The establishment of excitatory and inhibitory engrams during fear conditioning has theoretical underpinnings in opponent-process theory [42]. Our results suggest that during fear conditioning, the IL encodes a process that opposes the aversive properties of the US. Although there are very few studies on the contribution of opponent processes to fear conditioning, Fanselow & Tighe (1988) suggested that an inhibitory opponent process defines the effective inter-trial interval in contextual conditioning [43]. Inhibitory engrams encoding opponent processes experienced during fear conditioning may have adaptive value by priming the network for future memory updating. However, it is important to note that the formation of inhibitory memories in the IL during fear memory consolidation remains speculative. Clearly, IL stimulation at multiple time-points after fear conditioning can reduce freezing during both extinction and extinction retrieval; this effect depends on protein synthesis soon after conditioning. However, future studies using either longitudinal physiological recordings or engram labelling techniques are necessary to establish whether these effects derive from inhibitory IL ensembles or whether they result from the disruption of an excitatory memory in the IL that promotes fear.

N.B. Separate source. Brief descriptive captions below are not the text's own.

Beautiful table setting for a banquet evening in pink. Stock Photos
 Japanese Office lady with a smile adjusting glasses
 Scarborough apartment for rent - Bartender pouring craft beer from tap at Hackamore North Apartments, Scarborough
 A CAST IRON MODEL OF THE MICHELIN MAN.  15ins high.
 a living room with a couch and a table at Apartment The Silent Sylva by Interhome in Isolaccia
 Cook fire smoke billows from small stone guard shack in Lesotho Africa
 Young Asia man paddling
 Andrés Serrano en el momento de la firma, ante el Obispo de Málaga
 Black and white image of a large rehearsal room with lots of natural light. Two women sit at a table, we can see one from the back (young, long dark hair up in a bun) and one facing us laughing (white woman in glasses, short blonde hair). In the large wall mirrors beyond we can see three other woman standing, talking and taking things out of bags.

The observation that intra-IL picrotoxin or BDNF injections [44] facilitate extinction when injected two weeks after fear conditioning is intriguing and demands further investigation. Interestingly, Peters and colleagues (2010) found that when the BDNF injections were performed 24 h before conditioning, there was no effect of the drug [24]. This indicates that whatever the mechanism supporting fear suppression, it depends on fear conditioning. Our current understanding of cellular memory consolidation does not explain how memory becomes susceptible to pharmacological stimulation two weeks after it is acquired. One possibility is that the drug administration procedures (handling and transport) reactivate the fear memory and render it susceptible to disruption by impairing reconsolidation [45]. However, this is unlikely, because IL inactivation after fear memory reactivation has no effect on memory reconsolidation [46]. An alternative interpretation is that PIC infusions produce a general disinhibition in the IL, which disrupts the inhibitory memory formed during or soon after conditioning. Additional work is required to explore this possibility using other IL-related tasks that require behavioral flexibility, such as reversal learning.

In sum, our work suggests that the IL encodes an inhibitory memory during the consolidation of excitatory auditory fear conditioning. This inhibitory trace opposes fear and is promotes the subsequent extinction of fear. Future studies employing engram-tagging techniques are necessary to understand the nature and function of the inhibitory engram encoded in the IL during fear memory consolidation.